■ About this task:
Please give all of the data again, character for character, and drop the pictures.

■ Collected material:
- - - -
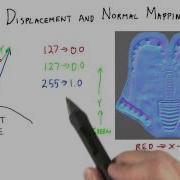 Displacement And Normal Mapping Interactive 3D Graphics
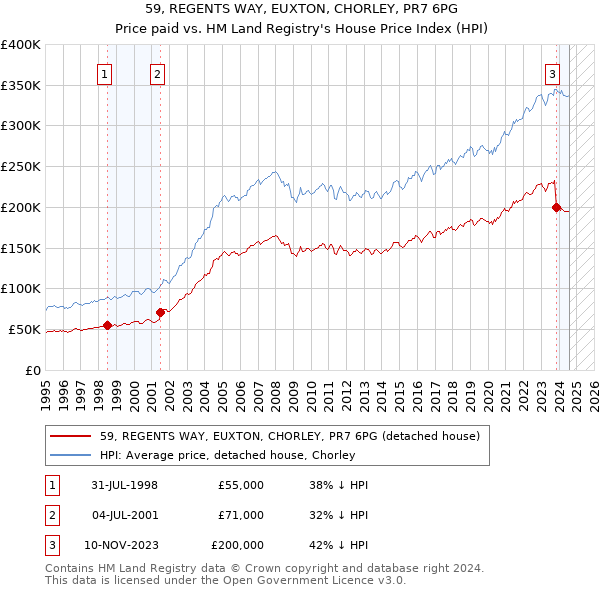 59, REGENTS WAY, EUXTON, CHORLEY, PR7 6PG: Price paid vs HM Land Registry's House Price Index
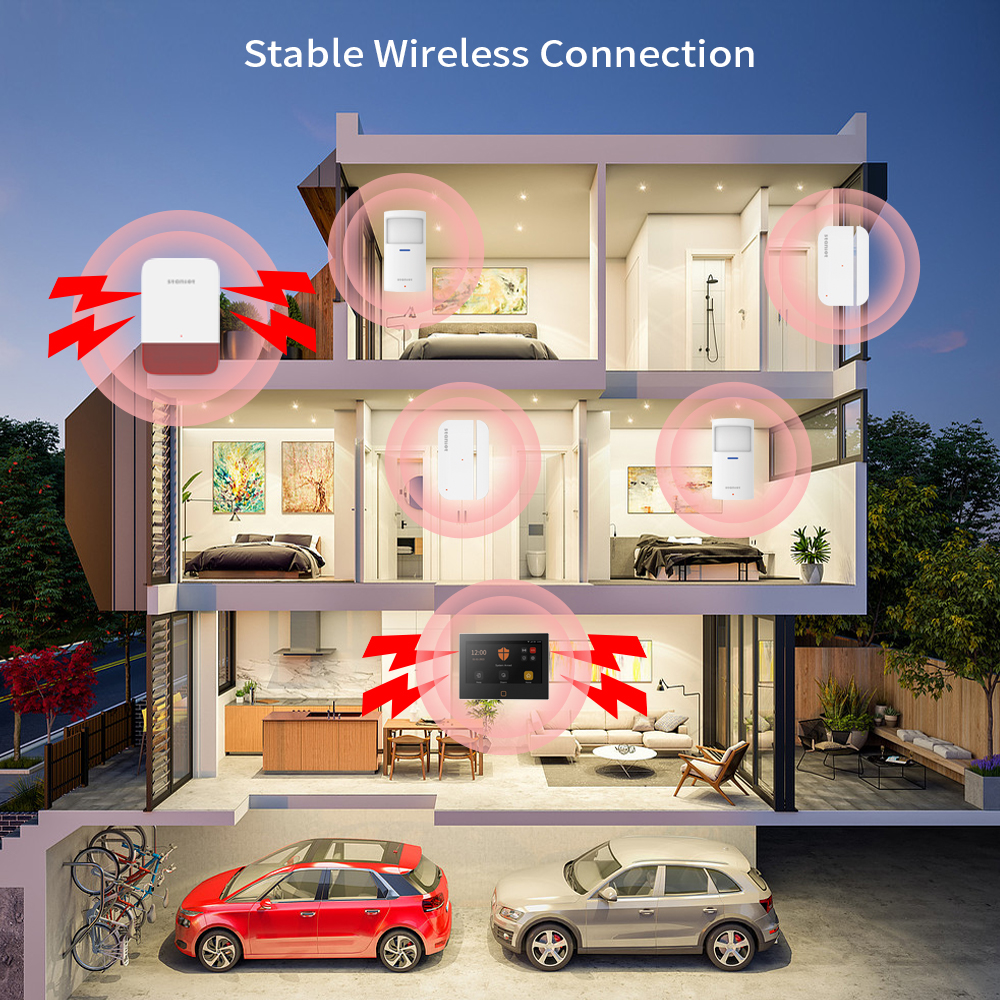 Staniot 7inch Lora Protection  - Smart Home Automation Diy recensione e prezzo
- - - -
■ Exercise solution:
 Displacement And Normal Mapping Interactive 3D Graphics
 59, REGENTS WAY, EUXTON, CHORLEY, PR7 6PG: Price paid vs HM Land Registry's House Price Index
 Staniot 7inch Lora Protection  - Smart Home Automation Diy recensione e prezzo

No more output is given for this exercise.